• _Exercise data_
════════════════════

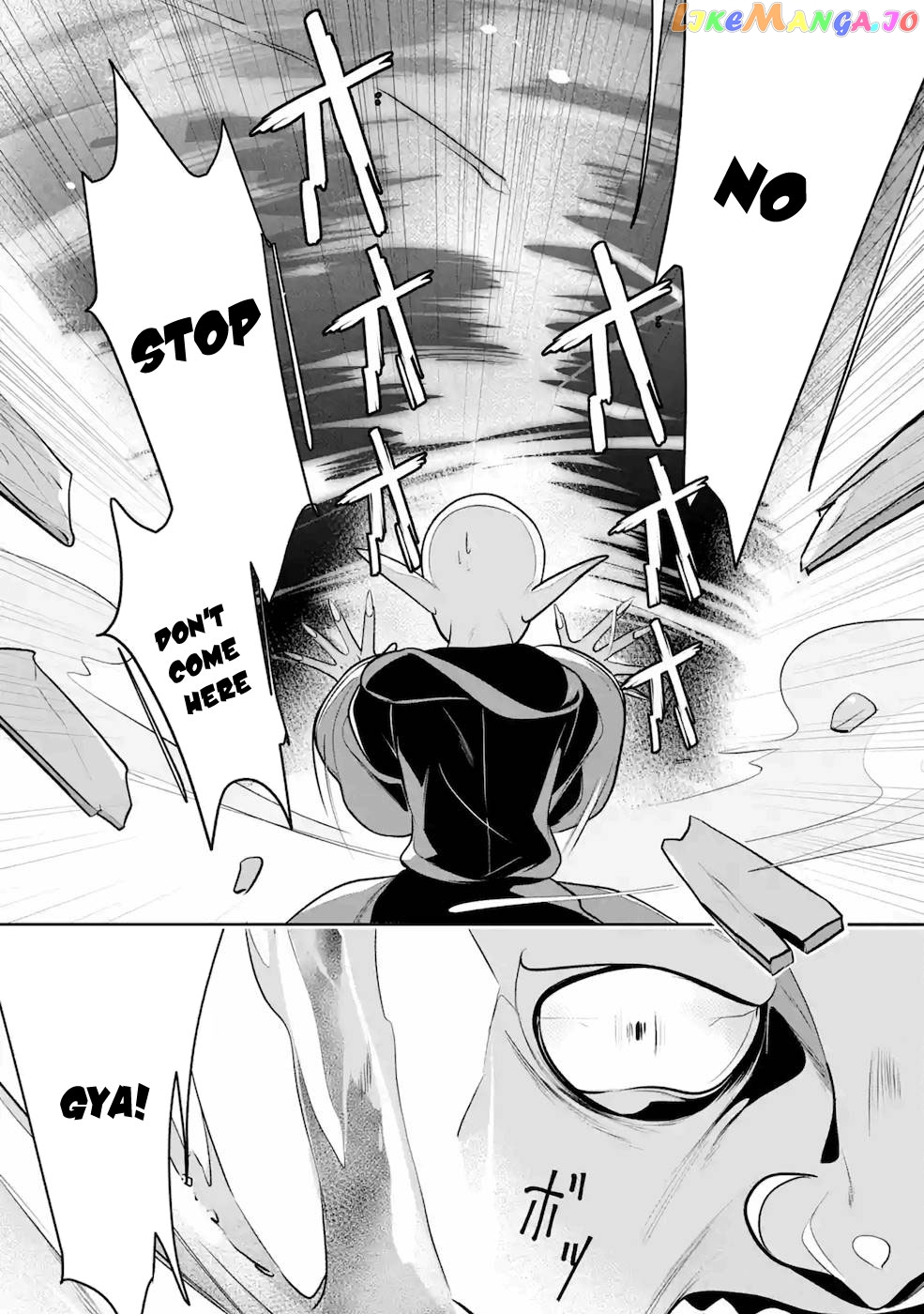 Emperor's Mark to Rule the Monsters: Reborn Sage to Strongest Adventurer chapter 10 - page 21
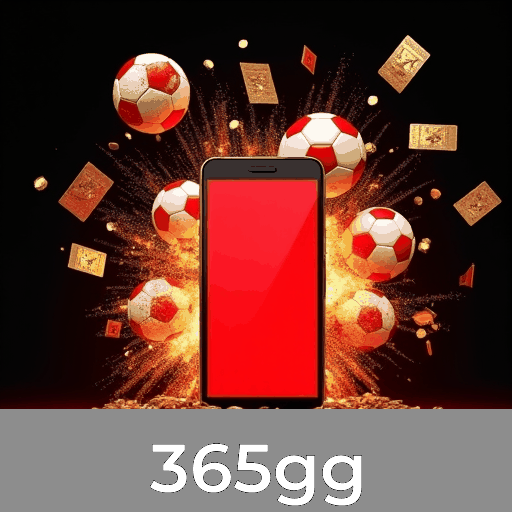 Cadastro na 365gg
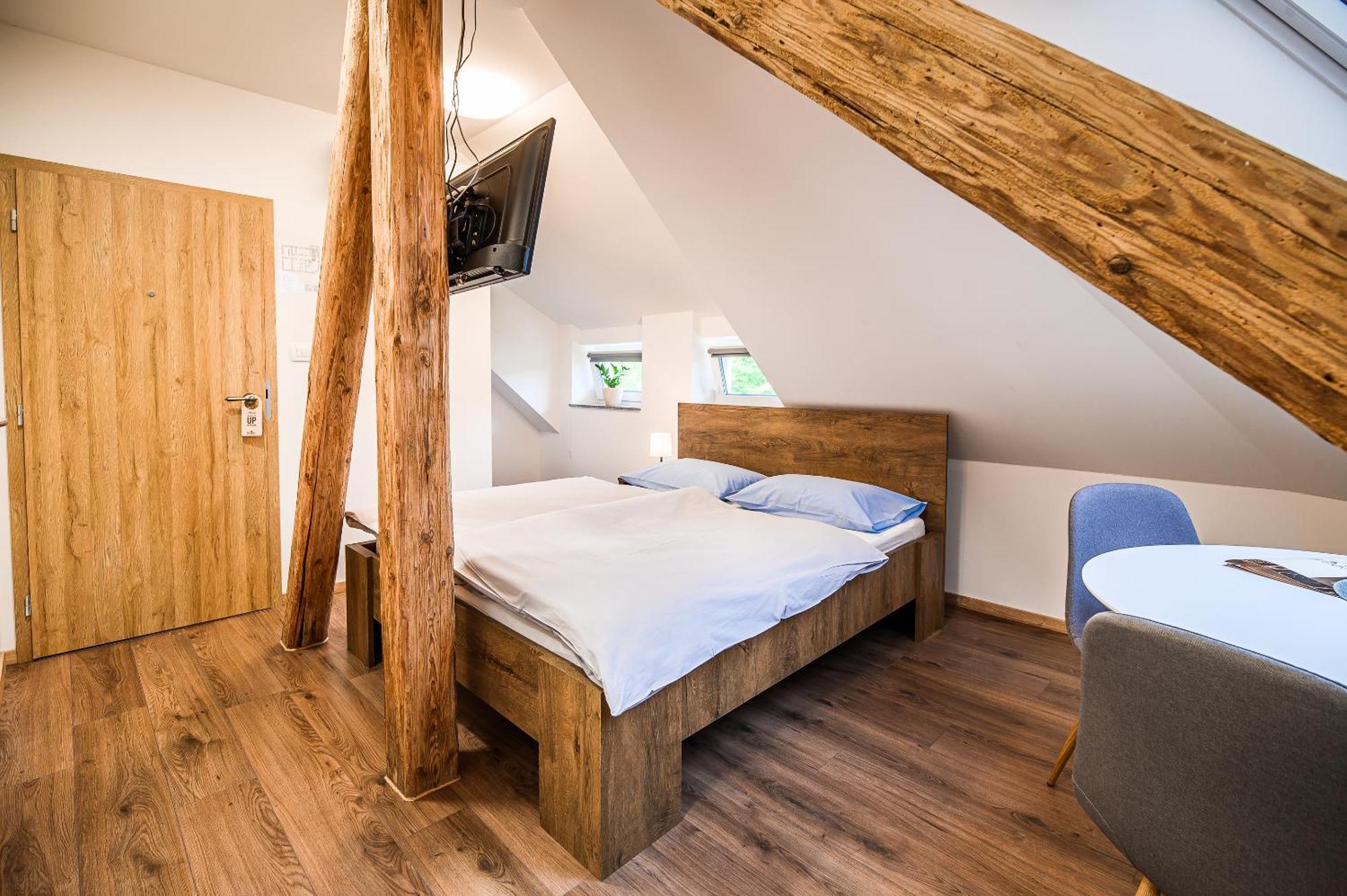 Guesthouse Pr'Sefu Brežice 객실 사진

════════════════════

• _Your instructions_
The preceding listing must be repeated exactly, with all images dropped.

• _Written response_
 Emperor's Mark to Rule the Monsters: Reborn Sage to Strongest Adventurer chapter 10 - page 21
 Cadastro na 365gg
 Guesthouse Pr'Sefu Brežice 객실 사진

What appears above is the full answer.